With reference to FIGS. 17A and 17B, four geometric features related to pins in an array of pins 268 are scaled based on the frequency profile of the E-field of the antenna 258. The four geometric features are the lateral cross-sectional area of the pins, the length of the pins, the spacing between pins, and the distance of the pins from the radiative structure comprised of the first and second radiative elements 260A, 260B. For purposes of illustration, all the pins are assumed to have a cylindrical shape. Pins with other shapes can be utilized. For instance, all the pins could have square, rectangular, or triangular cross-sections. Pins with more complex geometries, such as bristles with sub-pins, rod-patch pins etc., can be employed. Moreover, while the general shape of each of the pins is likely to be the same or substantially the same for all of the pins in the array, variations in the shapes of the pins in the array are feasible. For instance, a number of pins in the array can have a cylindrical shape with a circular lateral cross-section and a number of other pins in the array can have a cylinder-like shape with a triangular lateral cross-section. In any event, one or more of the noted geometric characteristics can be scaled in accordance with the frequency profile of the E-field associated with the antenna 258. As shown in FIGS. 17A and 17B, the lateral cross-sectional area of the pins in the array of pins increases with decreasing frequency in the E-field profile; the length of pins in the array of pins increases with decreasing frequency in the E-field profile, the spacing between pins in the array of pins increases with decreasing frequency in the E-field profile, and the distance between the first terminal ends of pins in the array of pins and the surface of the radiative structure increases with decreasing frequency in the E-field profile.

In certain instances, an antenna system comprised of a broadband, free-space antenna and a high impedance backing in which the high impedance backing is associated with less than the entire portion of the radiative structure of the antenna that is to be positioned adjacent to a conductive surface is feasible. By way of example, FIG. 18 illustrates an antenna system 272 comprised of: (a) a bowtie antenna 274 with a radiative structure comprised of first and second radiative elements 276A, 276B and (b) a high-impedance backing 278 that includes an array of pins. Both of the radiative elements 276A, 276B are positioned adjacent to a conductive surface 280. The high impedance backing 278 is associated with the low or lower frequency dominant portion of the antenna (FIG. 16), i.e. the portion of the antenna that, in the absence of the backing, would have the greatest λ/4 spacing requirement. As such, the high impedance backing 278 reduces the spacing between the low or lower frequency dominant portion of the antenna and the conductive surface 280. The higher frequency portion of the antenna is substantially provided with λ/4 spacing by curving or bending the first and second radiative elements 276A, 276B toward the conductive surface and thereby avoiding the need for a high-impedance backing in this area. It should be appreciated that this spacing can be achieved in many other ways. For instance, if the radiative elements were planar, the conductive surface could be curved. As yet another alternative for achieving λ/4 spacing and avoiding the use of the high impedance backing is to curve both the radiative elements and the conductive surface.

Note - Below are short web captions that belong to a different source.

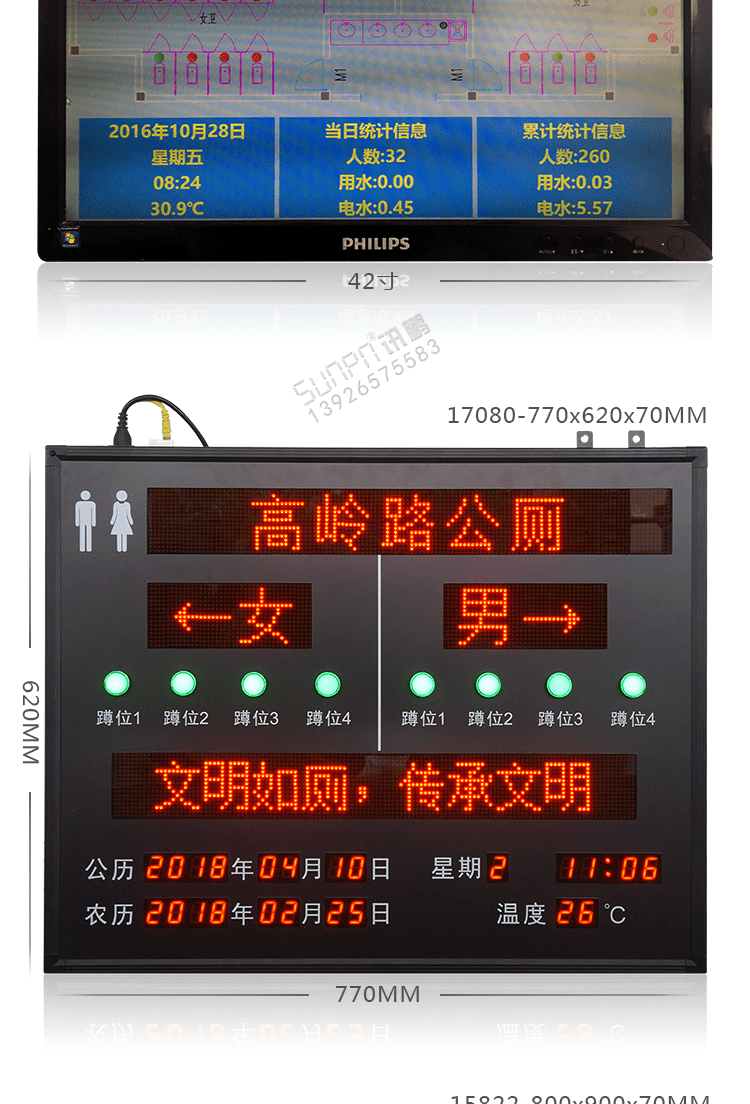 智慧公廁狀態(tài)采集屏產(chǎn)品實(shí)拍
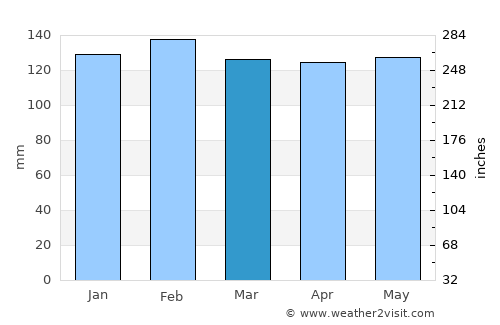 Hahnville average rain in March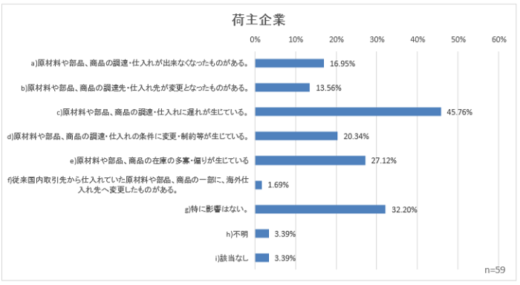 20200630jils 520x285 - JILS調査／新型コロナでサプライチェーンの混乱が拡大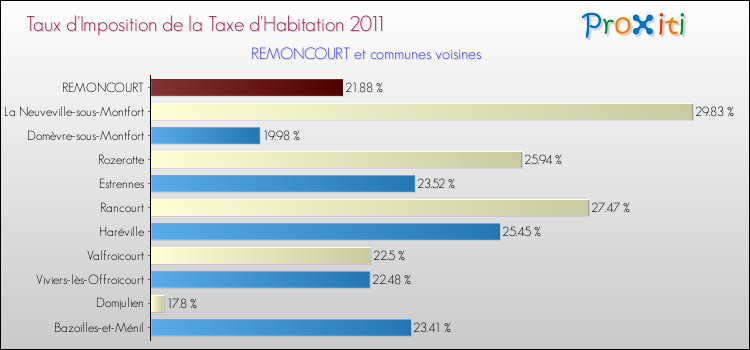 Taux d'imposition de la taxe d'habitation 2011 pour REMONCOURT et les communes proches Comparaison des taux d'imposition de la taxe d'habitation 2011 pour REMONCOURT et les communes voisines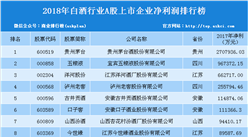 2017年白酒行业上市企业净利润排行榜：贵州茅台位列榜首（附榜单）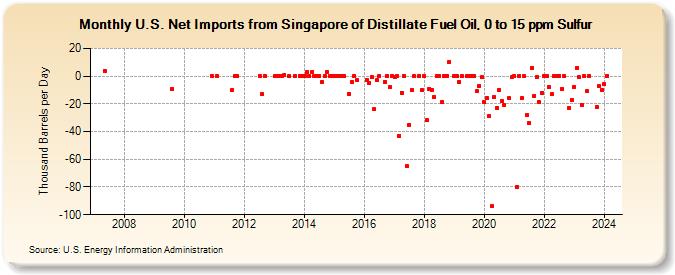 U.S. Net Imports from Singapore of Distillate Fuel Oil, 0 to 15 ppm Sulfur (Thousand Barrels per Day)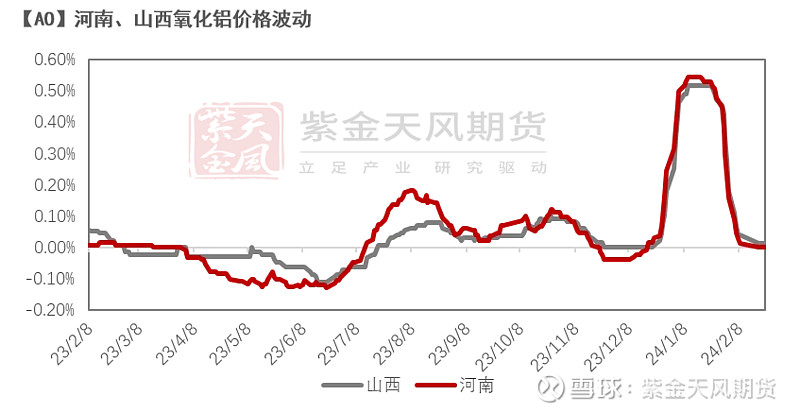 近期铝价走势图k线图图片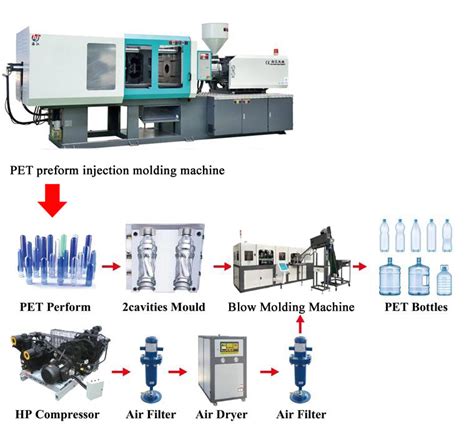 Plastic Bottle Making Machine PET Water Bottle Blowing Machine Haijiang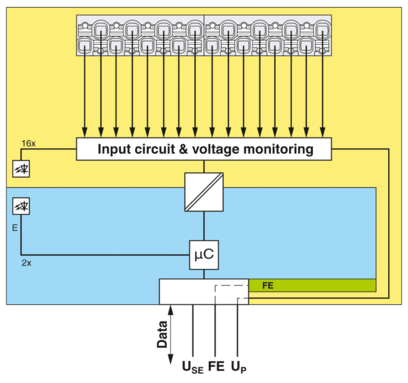数字量模块-AXL SE DI16/1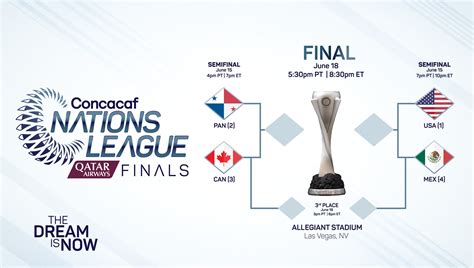 Concacaf Nations League Finals | Allegiant Stadium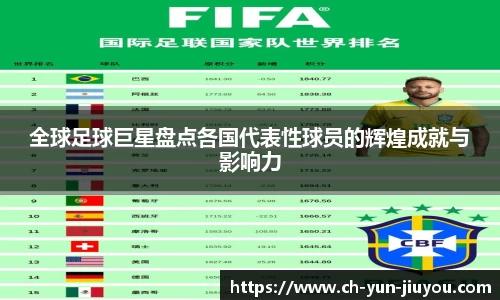 全球足球巨星盘点各国代表性球员的辉煌成就与影响力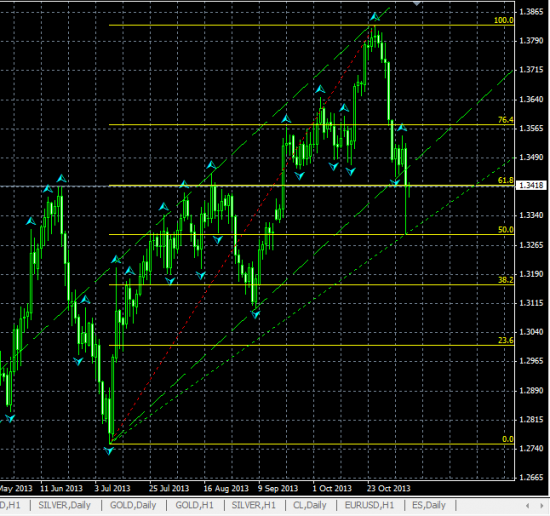 EURUSD Дневной график. Комментарий к текущей ситуации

It should be appreciated that, while the antenna system has largely been described with respect to a bowtie antenna, the antenna system can employ other broadband free-space antennas. Further, it should also be appreciated that not every pin in the array of pins needs to perform as described. For instance, if due to manufacturing defects or damage due to use, several pins in a relatively large array of pins are bent such that each extends outside the relevant boundary or several pins in the array are broken, the array is still likely to make a sufficient contribution to the function of the high impedance backing

The foregoing description of the invention is intended to explain the best mode known of practicing the invention and to enable others skilled in the art to utilize the invention in various embodiments and with the various modifications required by their particular applications or uses of the invention.